**To do:** Find the line with "Manual de uso Domo DO496WK Hervidor" in the records below, then please transcribe it and every later line exactly, omitting the pictures and adding nothing.

**The input:**
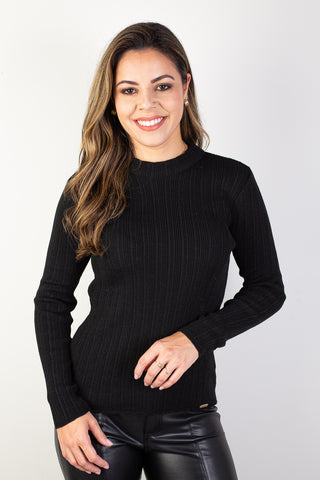 Blusa de malha feminina básica 61587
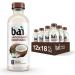 Bai Coconut Flavored Water, Molokai Coconut, Antioxidant Infused Drinks, 18 Fluid Ounce Bottles, (Pack of 12) Molokai Coconut 18 Fl Oz (Pack of 12)
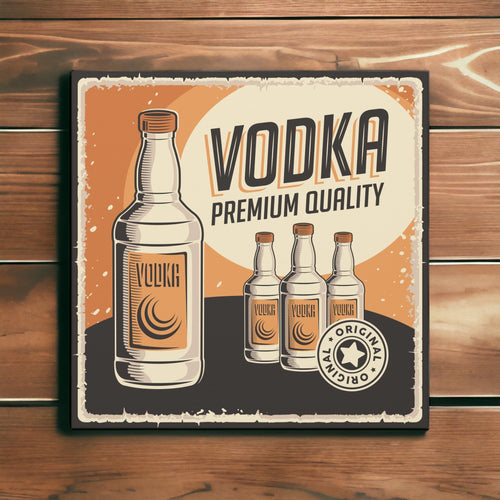 Vintage Vodka Wall Art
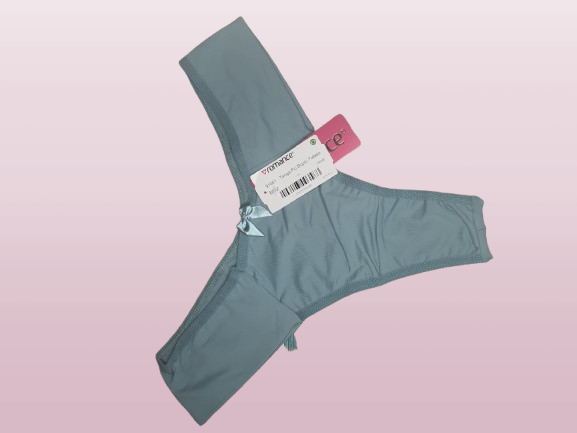 Tanga Fio Duplo Tatiele s/ costuras talle M verde opaco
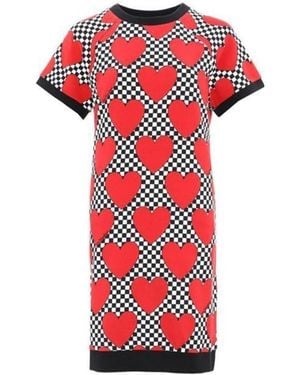 Moschino Love Printed T-Shirt Dress - Red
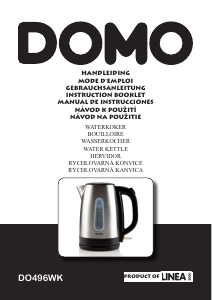 Manual de uso Domo DO496WK Hervidor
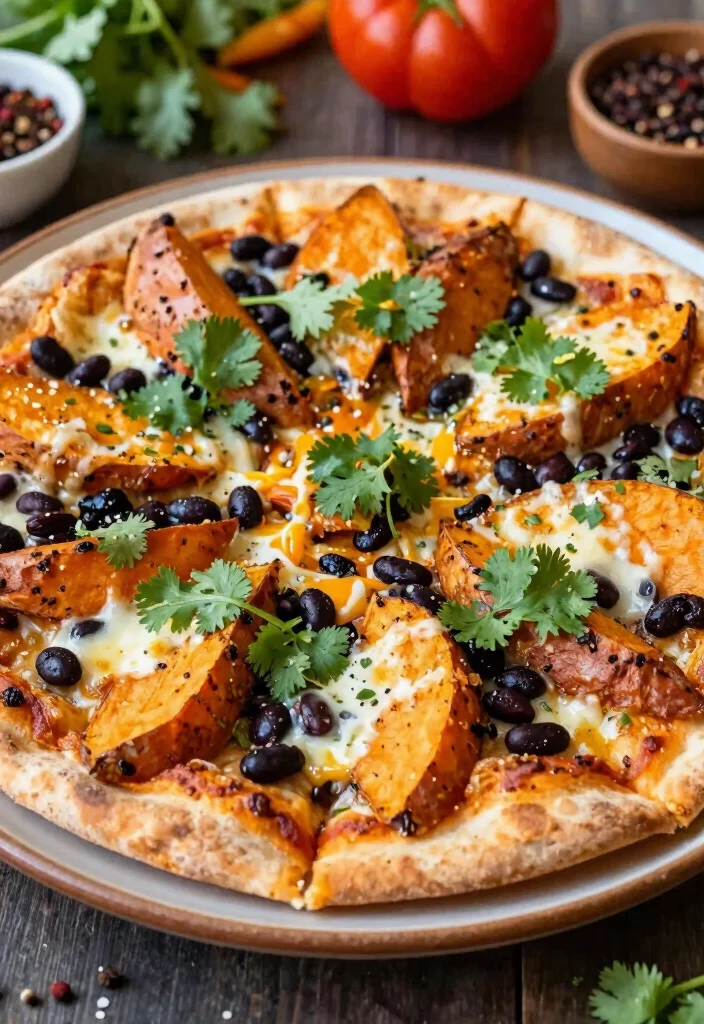 13 Tortilla Pizza Recipes Ready in Minutes - 13. Sweet Potato and Black Bean Tortilla Pizza 1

**Result for this task:**
 Manual de uso Domo DO496WK Hervidor
 13 Tortilla Pizza Recipes Ready in Minutes - 13. Sweet Potato and Black Bean Tortilla Pizza 1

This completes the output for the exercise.